Satu pagi di awal bulan April yang tenang terasa menegangkan. Mestinya Ambar hadir di kelas perkuliahannya Kamis pagi itu, tapi ia membolos karena perasaannya sudah tidak sanggup lagi memikirkan Rubi yang sudah belasan hari terasa diam padanya, meski pria itu bisa tetap profesional di UKM Seni dengan tidak menjauhi Ambar. Ia tetap datang ke Galeri, tidak seperti Ambar yang bersembunyi di perpustakaan. Pria itu juga tetap menawari Ambar makan mie ayam bersama Kirana, begitu juga tetap menemani Ambar menulis dan mengantarnya pulang ke rumah kos. Tapi semua itu, terasa beda.

Ada satu kalimat yang keluar dari mulut Rubi yang membuatnya semakin yakin bahwa pria itu mulai berubah. “Ambar, mau makan mie ayam?”

Ya! Ambar! Pria itu memanggilnya ‘Ambar’ alih-alih ‘Permata Madu’ seperti biasanya. Untuk pertama kalinya sejak mereka dekat, pria itu memanggil Ambar dengan nama aslinya, bukan nama panggilan yang dibuat-dibuatnya. Sejak saat itu Ambar yang sudah sibuk, menambah-nambah kesibukannya dengan memperhatikan setiap gerak-gerik Rubi; caranya melukis, caranya makan mie ayam, caranya berjalan saat mengantar pulang. Semuanya benar-benar beda dari biasanya. Pria itu tidak lagi melukis menghadap dirinya untuk curi-curi pandang. Pria itu juga tidak lagi duduk di sebelah Ambar saat makan mie ayam – ia akan lebih memilih duduk dekat Kirana.
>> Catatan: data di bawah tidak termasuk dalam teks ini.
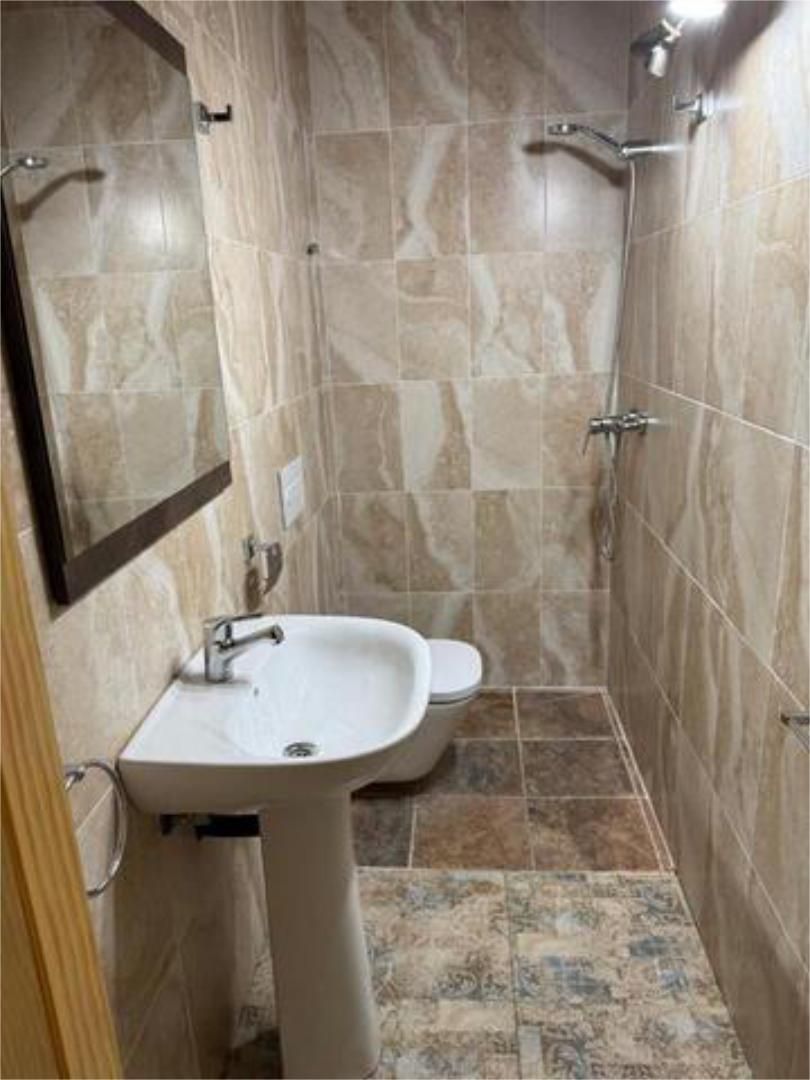 Baño de Casa o chalet en venta en Benatae con Terraza y Piscina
Pria itu juga tidak lagi mensejajarkan langkahnya saat mengantar Ambar pulang, ia akan lebih memendekkan langkahnya agar berjalan satu langkah di belakang Ambar.

Ada apa dengan perubahan Rubi? Apa aku sudah berbuat salah? Mestinya dia bilang sesuatu padaku, atau menceritakan hal-hal gila yang penuh makna agar aku bisa menebak-nebak isi hatinya. Tapi selain aku yang sudah terlalu sibuk, ia kini terlalu diam.

Maka di satu pagi di bulan April itu, Ambar mencegat Rubi di depan gedung kuliahnya. Ia tahu, hari ini jadwal kuliah mereka sama. Untuk bisa mendatangi Rubi di luar Galeri, Ambar merasa tak berdosa mengambil satu jatah bolos kelas Kamis paginya itu.

“Ambar? Aku ada kelas.” Pria itu tampak terkejut karena sebelumnya Ambar tidak pernah mendatanginya ke kelas.

“Lima menit cukup, Bi. Aku juga ada kelas.”

“Baiklah, di sini saja.”

“Kamu kenapa?”

“Ambar? Apa sepenting itu membolos kelas untuk bertanya ‘kamu kenapa?’”

“Aku serius.”

“Aku juga serius. Kita di sini untuk kuliah, bukan untuk memperdulikan perasaan orang lain pagi-pagi. Ayolah, kamu biasanya lebih disiplin daripada aku.”